The ability to combine two arbitrary files is relatively limited - ZIP is one of the few file formats that puts the important metadata at the end of the file (and most formats will ignore trailing junk if they encounter it) so you can use the ability of many file formats to create holes to put ZIP data into them (ZIP data is stored as offsets that need not be contiguous, so you can place ZIP data in holes created by the other format).
Re: (Score:2)
> The ability to combine two arbitrary files is relatively limited
I disagree. Any file format that has a "comment" field (or other optional meta data field) can potentially be abused this way. And most non-trivial file formats have something similar to a comment field.
The surprising thing is when sites that host these files -- whether Twitter, Imgur, etc -- don't re-process the images and drop the extra information.
Re: (Score:1)
The surprising thing is when sites that host these files -- whether Twitter, Imgur, etc -- don't re-process the images and drop the extra information.

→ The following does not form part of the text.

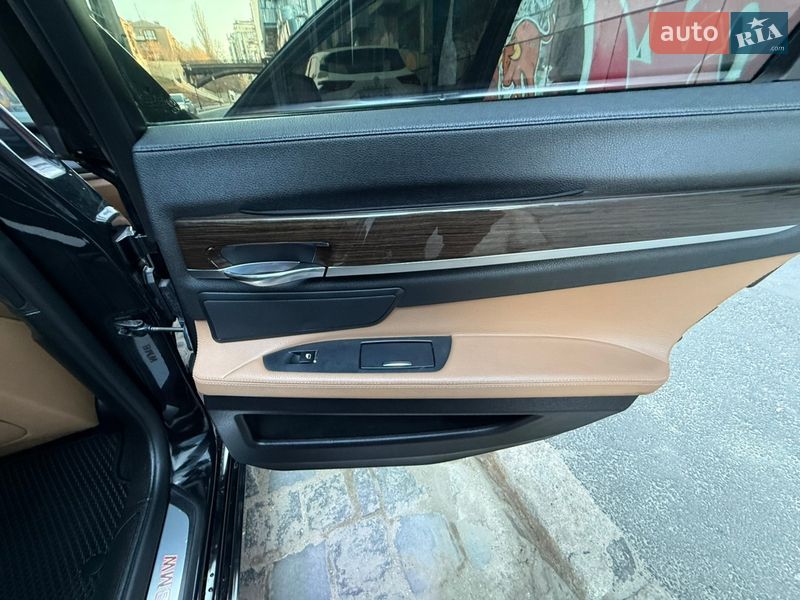 Седан BMW 7 Series 2010 в Одессе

I'm sure they will soon start to. Remember a few years back when you could extract EXIF tags from images? You rarely can today.
Re: (Score:1)
Basically, ZIP is the offender here. The format is detected from the end of the file not the beginning.
Wanna bet? (Score:2)
0.01 BTC says Twitter uses the image resolution to determine if they mangle it. Which means you can likely embed a significant amount of data before it hits their max upload size.
Re: Wanna bet? (Score:2)
Well, my guess is you'll eventually hit another limit (in bytes uploaded) designed for the largest raster images, like those from 24 MPixel cameras.
Re: (Score:2)
The summary seems to be saying it is a zip of a rar of text.
I guess it is possible the polygot method only works with storage zips and does not work with compression.
For whatever reason, I am inclined to believe the summery got it right as zips of rars, rars of rars, and zips of zips are fairly common to find in downloading files for whatever reason.
Obligatory reference (Score:1)
https://www.nbc.com/saturday-n... [nbc.com]
Re: (Score:2)
I think we can be fairly certain that mime scanners will be designed to stop scanning as soon as possible in all cases. Meaning It will detect the format that uses data at the front. So at least in this case, it would show as a jpg file.